Una
sera avevo sentito la storia di un cantante di musica blues
scappato dall'America per andare a Parigi a cercar fortuna. Avevo
subito pensato che era una follia, che uno non può scappare dalla
terra dei sogni per andare in un posto dove di fortuna non la trovi
nemmeno a pagarla. Avevo deciso di cercarlo, volevo sapere se poi
alla fine ci era riuscito, se alla fine andarsene da un posto sicuro
per sfidarsi gli aveva portato dei buoni risultati. Avevo bisogno di
sapere se a qualcuno era andata bene per sperare, per incominciare a
farlo. Il cantante si chiama Adam e quella sera avrebbe suonato in un
piccolissimo pub semi sconosciuto.
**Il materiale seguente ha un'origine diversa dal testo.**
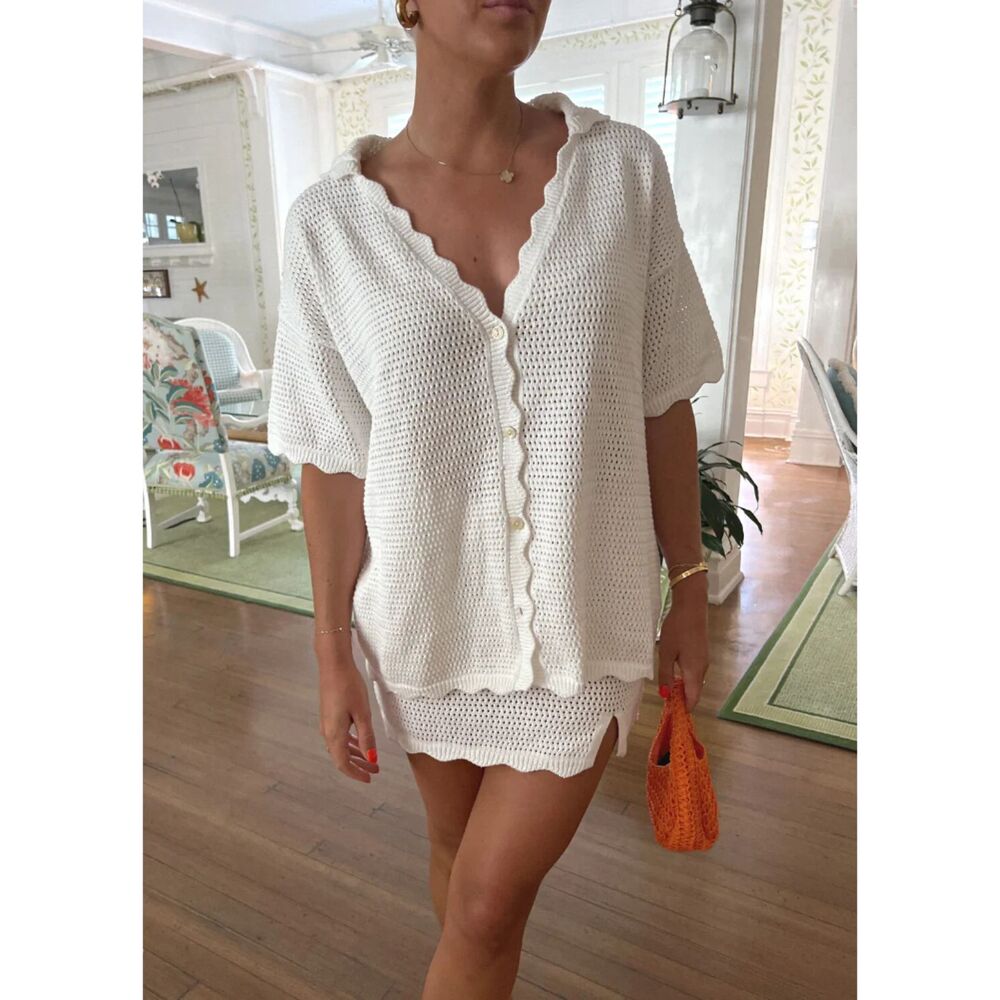 Starfit | Ella 100% Cotton Crochet Button Up Short Sleeve Top White | S/M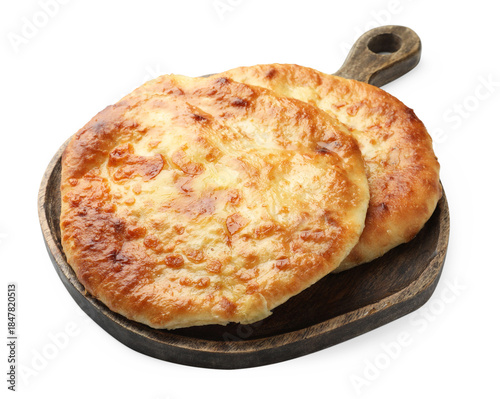 Two delicious Megrelian khachapuris isolated on white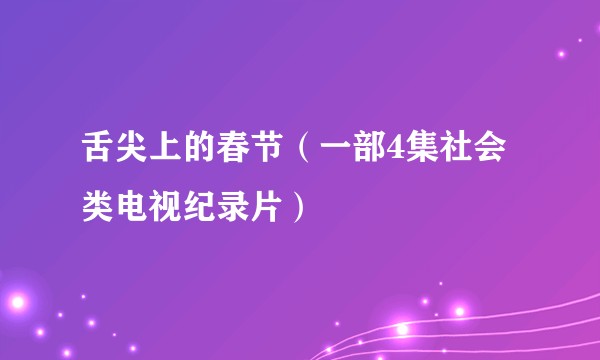 舌尖上的春节（一部4集社会类电视纪录片）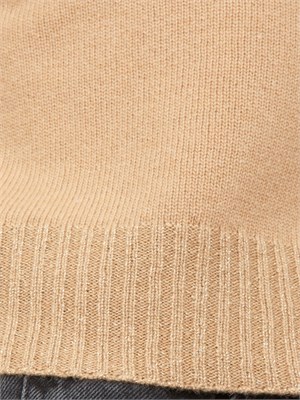Maglia cropped Twinset in misto mohair cammello con inserti lurex in fondo in DONNA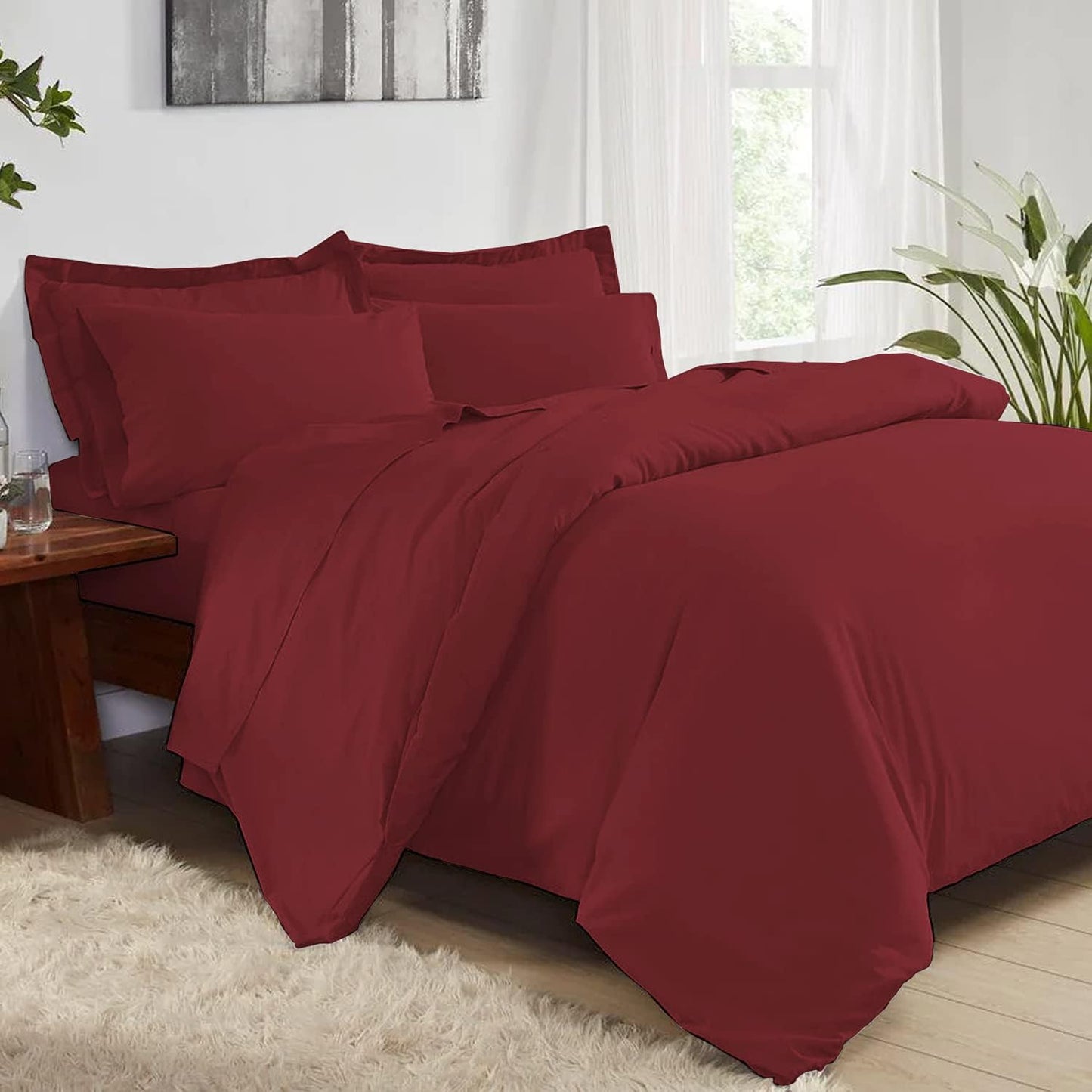 Pizuna Pure 100% Cotton King Duvet Cover Set, 1000 Thread Count Long Staple Cotton Thick Sateen Weave with Button Closure (Combed Baby Blue Cotton Duvet Cover King)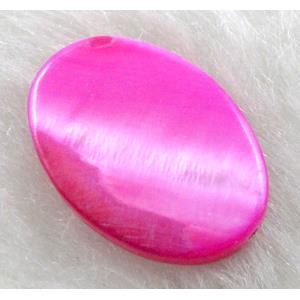 freshwater shell beads, flat-ovel, dyed, hot-pink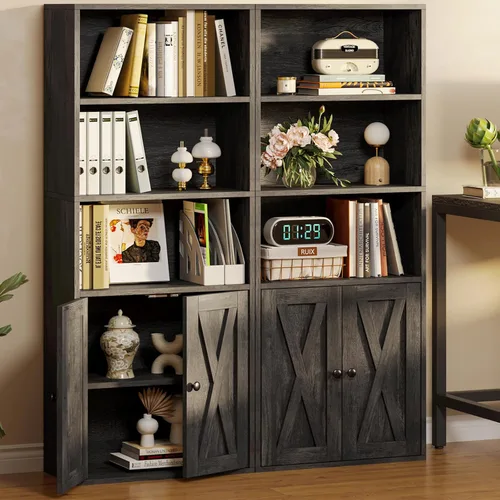 Miniatura 2 de IRONCK Estanterías y librerías industriales con puertas de 11.8 pulgadas de profundidad, estanterías de pie con 5 niveles de almacenamiento, muebles
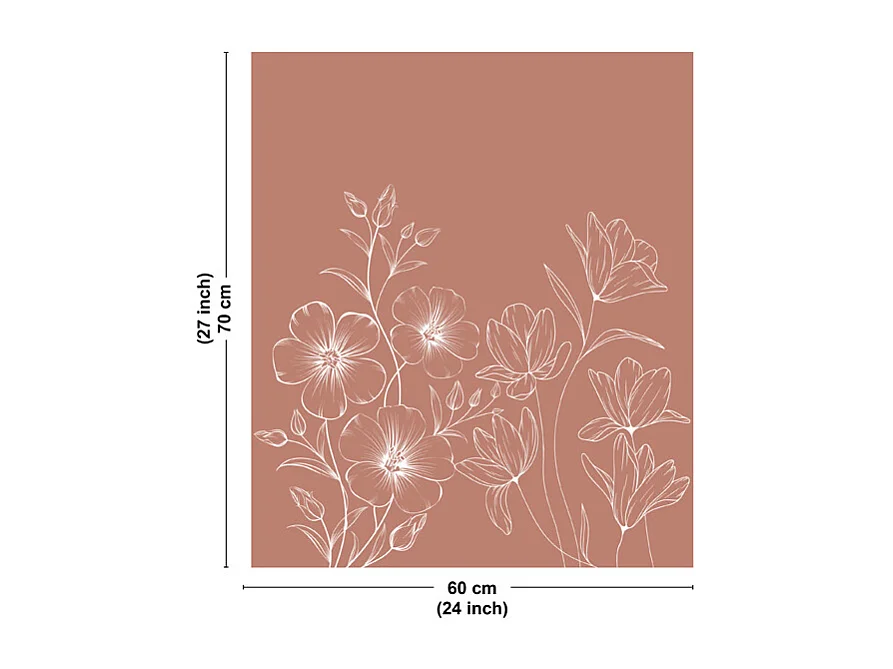 Fond de hotte en aluminium - motif floral terracotta et blanc - 70x60 cm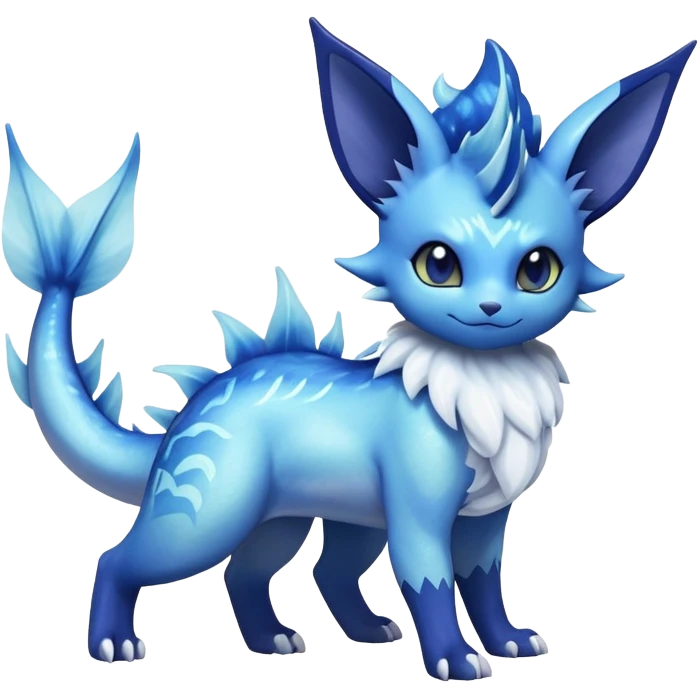 Nebulae Noibat-Vaporeon-Meowstic-Fakémon-hybrid-creature (full body)  emoji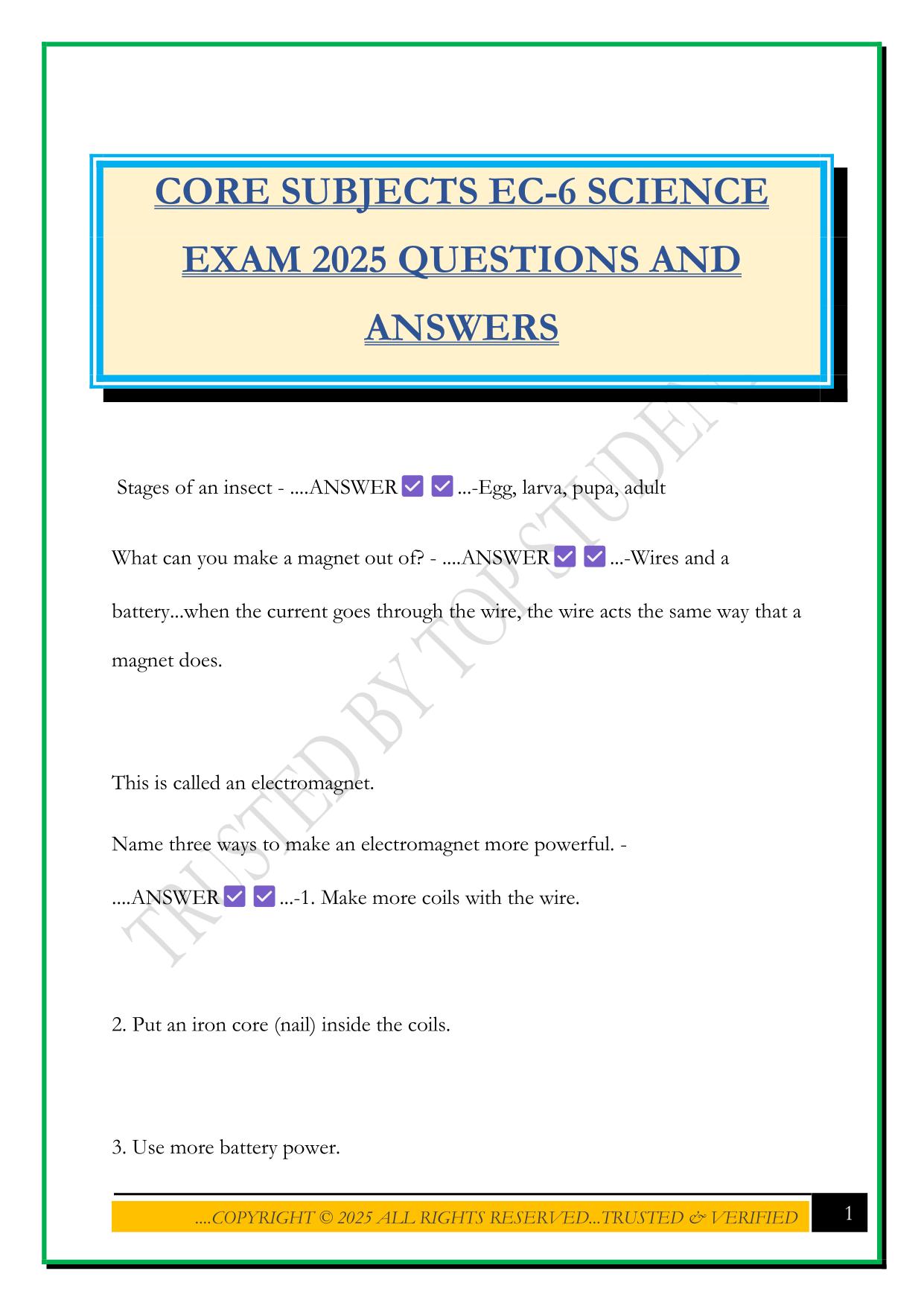 CORE SUBJECTS EC-6 SCIENCE EXAM 2025 QUESTIONS AND ANSWERS
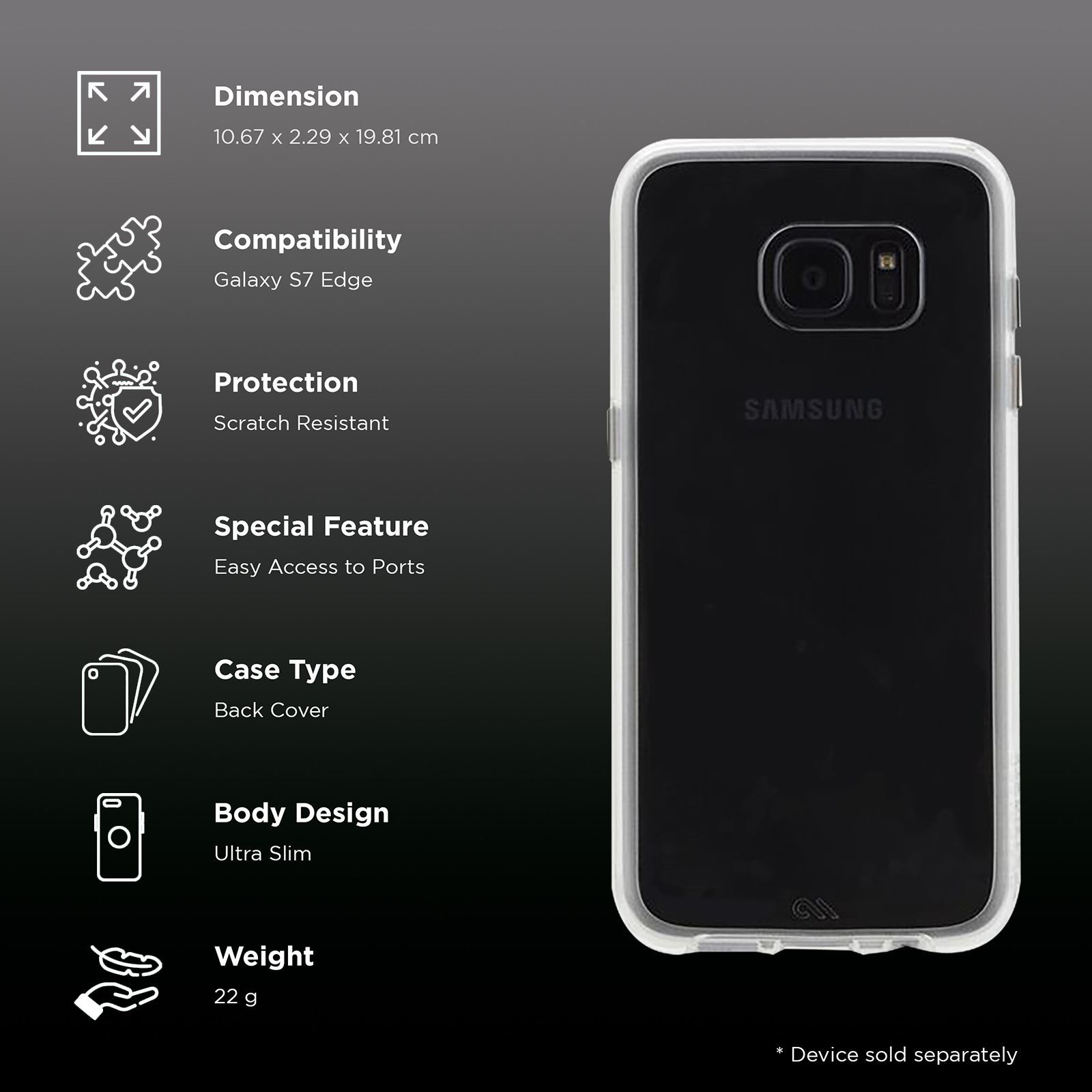 Case-Mate CM033988 TPU Back Cover for Samsung Galaxy S7 Edge (Anti Scratch technology, Transparent)_2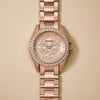 Reloj de pulsera multifuncional Fossil Riley para mujer, acero inoxidable, cronógrafo, resistente al agua, oro rosa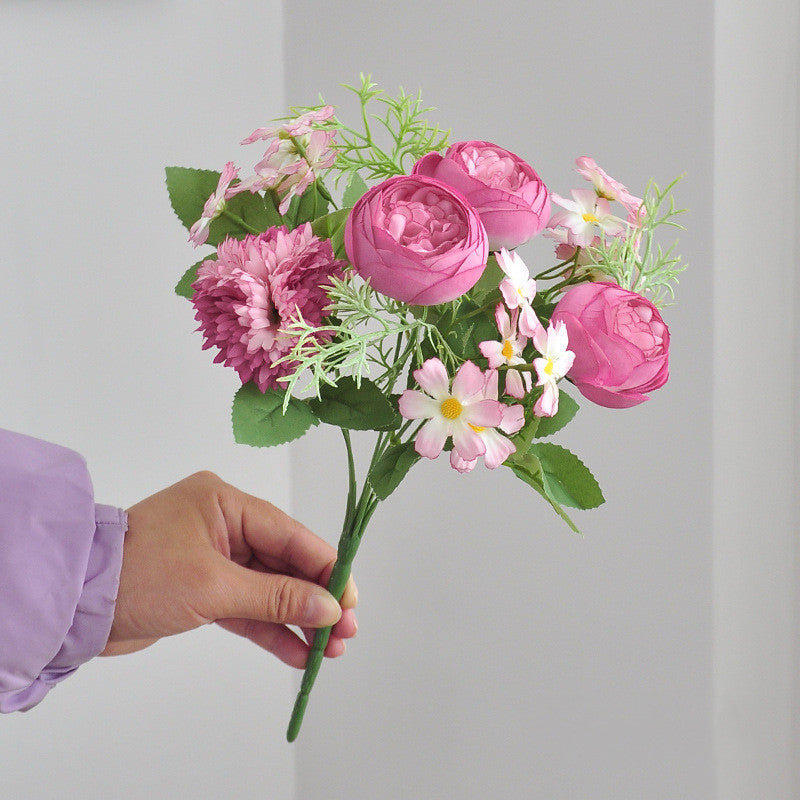 12 Inch Mixed Peony Daisy Mum Artificial Flower Bouquet 10 Stems Silk Floral Arrangement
Avevo ragione io a pensare che era
stata una scelta sbagliata, a quell'ora se fosse rimasto a casa sua
avrebbe sicuramente fatto una vita più dignitosa piuttosto che essere
un sottopagato cantante da piano bar. Quella sera mi sono seduto in
un tavolino proprio davanti al palco e ho preso un bicchiere di vino.
Quando Adam ha iniziato a suonare la prima cosa che ho notato sono
stati i suoi occhi, sembravano vergognarsi. Cantava e sembrava voler
chiedere scusa a tutti per quella voce bellissima e per il suono della sua chitarra. Ipnotico. Guardandolo continuavo a chiedermi se l'avesse trovata la
sua fortuna. Ho aspettato fino alla chiusura del locale, perché dovevo chiederglielo, non me ne sarei potuto andare senza saperlo.
Adam
aveva l'aspetto di un uomo d'America, un pò trasandato e
riaggiustato. La sua voce era bellissima anche quando parlava, non
potevi far a meno di ascoltarlo ma più di tutto, aveva una storia e
aveva deciso di raccontarmela.
Si
accendeva una sigaretta dietro l'altra, quasi come fosse obbligato,
e ad ognuna di esse faceva sempre una piccola pausa, come se con loro
finiva anche il pensiero che mi stava esponendo.
:
"La Fortuna, l'hai trovata?" gli chiesi.
Adam
aveva sognato la fortuna, l'aveva vista in quei pomeriggi
cupi,l'aveva contemplata nelle sere d'estate, aveva creduto in lei.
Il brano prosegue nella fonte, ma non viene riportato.